** Opening Data for this task block **
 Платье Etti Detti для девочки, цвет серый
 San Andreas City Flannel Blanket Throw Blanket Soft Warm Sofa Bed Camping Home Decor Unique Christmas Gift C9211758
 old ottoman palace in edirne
** Closing Data for this task block **
** Opening Data for this task block **
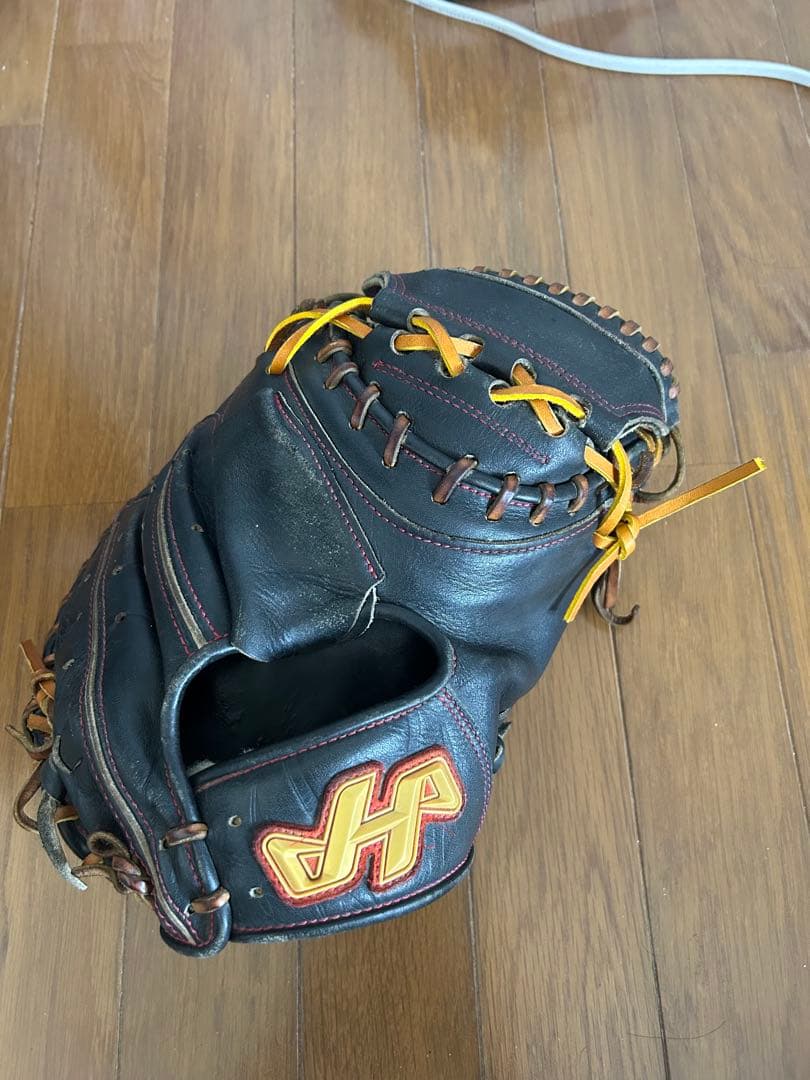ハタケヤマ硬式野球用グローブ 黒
** Closing Data for this task block **
** Opening Data for this task block **
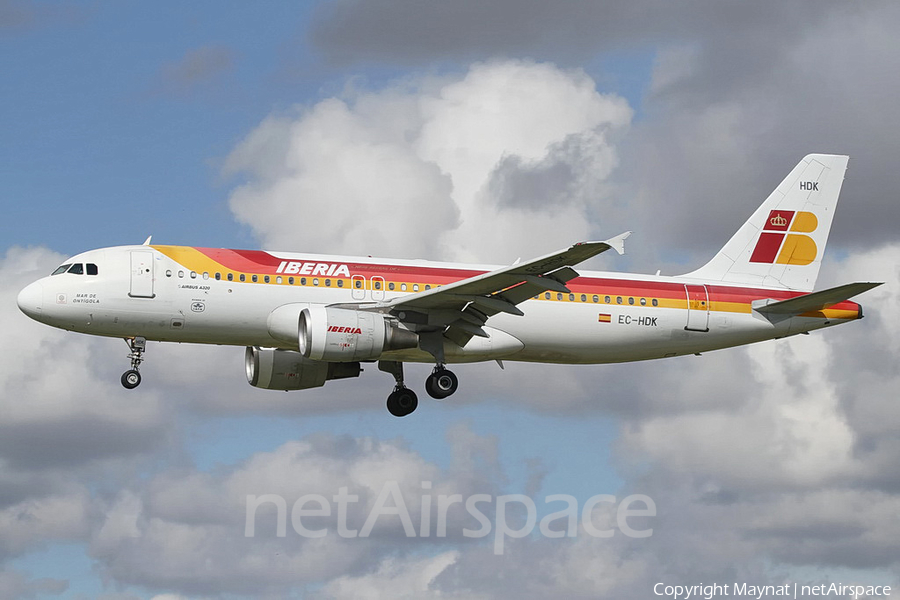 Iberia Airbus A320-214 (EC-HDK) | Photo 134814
** Closing Data for this task block **
Reproduce exactly the lines above from the line with "San Andreas City" to the line with "old ottoman palace in edirne", including both, and add nothing.

Response to this task
 San Andreas City Flannel Blanket Throw Blanket Soft Warm Sofa Bed Camping Home Decor Unique Christmas Gift C9211758
 old ottoman palace in edirne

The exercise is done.